Saat memainkan ghursai, dua orang akan berdiri berhadap-hadapan dengan satu kaki, dan memegang kaki lainnya dengan satu tangan di belakang. Kemudian mereka akan meloncat dan menabrakan diri untuk menjatukan lawan atau menurunkan kaki satunya dengan mendorong bahu satu sama lain. Kami banyak tertawa di hari itu. Gulat juga cukup populer. Biasanya ada 3 atau 4 tim lokal yang dijuluki ‘pahlawan.’

 

 

Di kamp ini, kami tidak memiliki lahan untuk mengadakan festival serupa. Anak-anakku pergi bermain mengenakan baju baru, tapi mereka tidak mengenal permainan yang sama. Aku akan menceritakan ini kepada mereka, dan mereka akan bertanya mengapa kami tinggal di sini. Aku akan menjawab, “Dengarkan, anak-anak, ini bukanlah rumah kita. Kita tidak berasal dari sini. Kita berasal dari Helmand. Kita memiliki rumah yang indah, jauh dari sini, dengan banyak tetangga, teman-teman, keluarga dan pepohonan hijau.” Aku selalu menceritakan ini ke anak-anakku selama Idul Fitri.

(direkam oleh Christine Roehrs)

 

Memasak per qandi dan qutakhi di Kapisa

Khala Latifa, (sekitar) 38 tahun, koki di Kabul

 

Aku seorang koki, dan aku suka makanan enak, jadi aku akan menceritakan makanan khas yang dipersiapkan olehku dan wanita lainnya di Kapisa untuk Idul Fitri.

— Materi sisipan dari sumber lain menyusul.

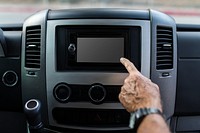 Finger pressing on black touch screen car stereo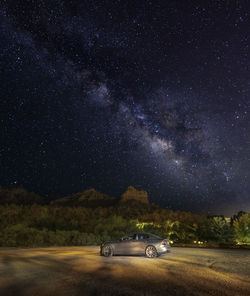 Low angle view of trees against sky at night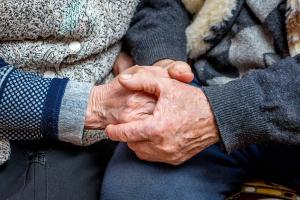 Retired couple holding hands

Makanan sangatlah penting di hari raya ini. Kami semua banyak makan, dan orang-orang akan berdatangan mengunjungi rumahku, jadi aku harus memasak banyak untuk mereka.

 

Satu hari sebelum Idul Fitri, kami akan membeli 200 sampai 300 telur, merebusnya dan mengecatnya dengan 7 warna berbeda: merah, ungu, hijau, kuning, merah muda, hitam, dan putih. Ketika aku muda, kami akan menggunakan tanaman, sayur-sayuran, atau buah-buahan untuk mewarnai telur-telur tersebut, kemudian kami akan menaruhnya di dalam air tempat kami merebus telur tersebut. Untuk mewarnai telur dengan warna merah muda, misalnya, kami akan menambah kulit bawang. Namun sekarang kami dapat membeli bubuk warna di bazaar. Lalu kami akan menata telur-telur tersebut di keranjang yang cantik dan menawarkan telur-telur tersebut baik untuk dimakan atau untuk bermain perang telur.

 

Di hari lain, semua orang yang memiliki kambing atau sapi akan berkumpul dan memerah susu di ember besar. Kemudian para wanita akan membuat keju dari susu tersebut. Sebelum Idul Fitri, keju tersebut akan dipotong-potong ke dalam bentuk berbeda-beda dan ditata di atas piring. Beberapa orang akan memotong keju tersebut dan menggorengnya. Makanan ini kemudian disebut kula sambeli.

 

Per gandi adalah makanan favorit di tempat asalku. Dan aku dan para wanita lain akan memanggang cookies, biasanya dengan susu, minyak dan telur. Kami juga akan menyiapkan semangkuk penuh pistachios dan jalghoza sia—kacang pinus.

 

Ketika Idul Fitri dimulai, aku akan menata 5 atau 6 makanan di taplak yang cantik, yang disebut dasterkhawan, di lantai ruang tamu kami dan mengisi ulang semuanya dari pagi sampai malam. Ini akan repot sekali untukku dan para wanita lainnya, namun kami menikmatinya. Di propinsi, orang-orang merayakan Idul Fitri selama 7 hari penuh, bukannya 3 hari seperti di kota-kota. Ini karena banyak pria menganggur, dan hanya perlu mengecek lahan mereka, dan juga ternak mereka. Begitu juga para wanitanya.

 

 

Sehari sebelum Idul Fitri, para gadis akan berkumpul dan menggambar di tangan masing-masing menggunakan henna; mereka melukis bunga-bunga dan desain lainnya sementara generasi yang lebih tua sekadar mengecat telapak tangan mereka dengan henna. Ketika perayaan dimulai, kami, seperti para pria, akan saling berkunjung dan memamerkan pakaian kami.

 

Salah satu permainan tertua yang kami mainkan adalah permainan boneka. Kami akan mengambil batang kayu dan membuat kepala dan tangan dari serat-serat kayu dan pakaian. Kemudian kami akan membuat baju berwarna-warni untuk mereka. Saat mereka sudah didandani dengan cantik, kami akan membagikan mereka, satu untuk tiap-tiap gadis, dan menggerak-gerakkannya seakan mereka sedang menari.

 

Atau kami akan pergi mengunjungi taman yang indah dan membangun ayunan dari tali-tali yang digantungkan di dahan-dahan pohon. Banyak gadis menyukai gaz khordan—ayunan. Wanita yang lebih tua akan duduk di bawah pohon, minum teh, dan mengobrol, serta membagikan makanan yang telah mereka bawa untuk semua orang.